UTF in Regexp


#1

I am sorrrrrry, but I am banging my head against this, and can’t seem to
find the answer!

Text gets displayed in an input field in a web page with “
prepended and ” appended to the string (needs to be inside the
string otherwise it looks funny). The user edits it, and when it comes
back to the (Rails) backend, the new string with (possibly) these quotes
attached comes back, but in unicode.

So the string possibly starts with UTF “ and possibly ends with
UTF ”

I want to do a regexp removal. Here is what works (but I am embarrased):

ldquo = ‘123’; ldquo[0] = 226; ldquo[1] = 128; ldquo[2] = 156
rdquo = ‘123’; rdquo[0] = 226; rdquo[1] = 128; rdquo[2] = 157
string.gsub!(/(\A#{ldquo}|#{rdquo}\Z)/,’’)

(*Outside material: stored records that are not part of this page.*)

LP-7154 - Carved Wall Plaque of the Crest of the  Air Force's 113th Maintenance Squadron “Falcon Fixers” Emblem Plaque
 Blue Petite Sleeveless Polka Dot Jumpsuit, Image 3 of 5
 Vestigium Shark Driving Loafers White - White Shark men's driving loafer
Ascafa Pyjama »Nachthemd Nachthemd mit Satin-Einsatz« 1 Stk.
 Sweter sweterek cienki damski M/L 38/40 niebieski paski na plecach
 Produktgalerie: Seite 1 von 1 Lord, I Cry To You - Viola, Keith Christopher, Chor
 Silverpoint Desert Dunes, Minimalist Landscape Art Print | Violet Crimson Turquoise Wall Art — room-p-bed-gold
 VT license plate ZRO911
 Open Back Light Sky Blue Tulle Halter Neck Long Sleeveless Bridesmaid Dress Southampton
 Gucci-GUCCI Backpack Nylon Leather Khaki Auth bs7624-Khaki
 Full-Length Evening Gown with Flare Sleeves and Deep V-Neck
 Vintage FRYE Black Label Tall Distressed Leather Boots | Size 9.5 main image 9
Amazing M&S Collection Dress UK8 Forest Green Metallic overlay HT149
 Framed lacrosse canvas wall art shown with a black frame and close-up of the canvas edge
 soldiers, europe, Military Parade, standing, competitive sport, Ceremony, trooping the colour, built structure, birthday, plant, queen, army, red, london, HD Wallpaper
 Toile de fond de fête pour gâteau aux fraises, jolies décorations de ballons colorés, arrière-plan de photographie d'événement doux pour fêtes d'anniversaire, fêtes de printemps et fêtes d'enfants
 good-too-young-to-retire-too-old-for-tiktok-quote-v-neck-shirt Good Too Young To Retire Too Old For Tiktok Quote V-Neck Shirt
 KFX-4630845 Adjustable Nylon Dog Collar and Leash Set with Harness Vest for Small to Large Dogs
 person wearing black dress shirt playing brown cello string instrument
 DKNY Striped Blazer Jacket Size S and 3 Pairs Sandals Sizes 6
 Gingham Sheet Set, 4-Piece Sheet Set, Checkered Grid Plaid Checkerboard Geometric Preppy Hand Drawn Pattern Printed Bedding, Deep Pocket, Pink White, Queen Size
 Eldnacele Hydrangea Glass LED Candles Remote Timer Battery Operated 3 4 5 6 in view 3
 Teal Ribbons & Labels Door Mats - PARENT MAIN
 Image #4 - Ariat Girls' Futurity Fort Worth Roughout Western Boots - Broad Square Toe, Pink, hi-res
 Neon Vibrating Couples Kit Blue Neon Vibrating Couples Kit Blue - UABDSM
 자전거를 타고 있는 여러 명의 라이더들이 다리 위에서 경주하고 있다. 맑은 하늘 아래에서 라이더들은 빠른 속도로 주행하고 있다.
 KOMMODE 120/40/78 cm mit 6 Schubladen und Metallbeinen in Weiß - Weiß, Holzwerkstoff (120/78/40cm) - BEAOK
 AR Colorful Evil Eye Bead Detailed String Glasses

There must be a better way.

Abu Mats al-Nemsi


#2

On 2/3/07, Wido M. removed_email_address@domain.invalid wrote:

So the string possibly starts with UTF “ and possibly ends with
UTF ”

I want to do a regexp removal. Here is what works (but I am embarrased):

ldquo = ‘123’; ldquo[0] = 226; ldquo[1] = 128; ldquo[2] = 156
rdquo = ‘123’; rdquo[0] = 226; rdquo[1] = 128; rdquo[2] = 157
string.gsub!(/(\A#{ldquo}|#{rdquo}\Z)/,’’)

There must be a better way.

  1. it’s possible to insert the chars directly, either in octal (226 =
    “\342”) or hexa (226= “\xe2”)

string.gsub!(\A\xe2\x80\x9c|\xe2\x80\9d\Z/,")

  1. | has low priority, so your regex is equal to /(\Alquo)|(rquo\z)/.
    the correct one is (notice the non-capturing group (?:…)

string.gsub!(\A(?:\xe2\x80\x9c|\xe2\x80\9d)\Z/,")

  1. there’s iconv library that will convert things for you.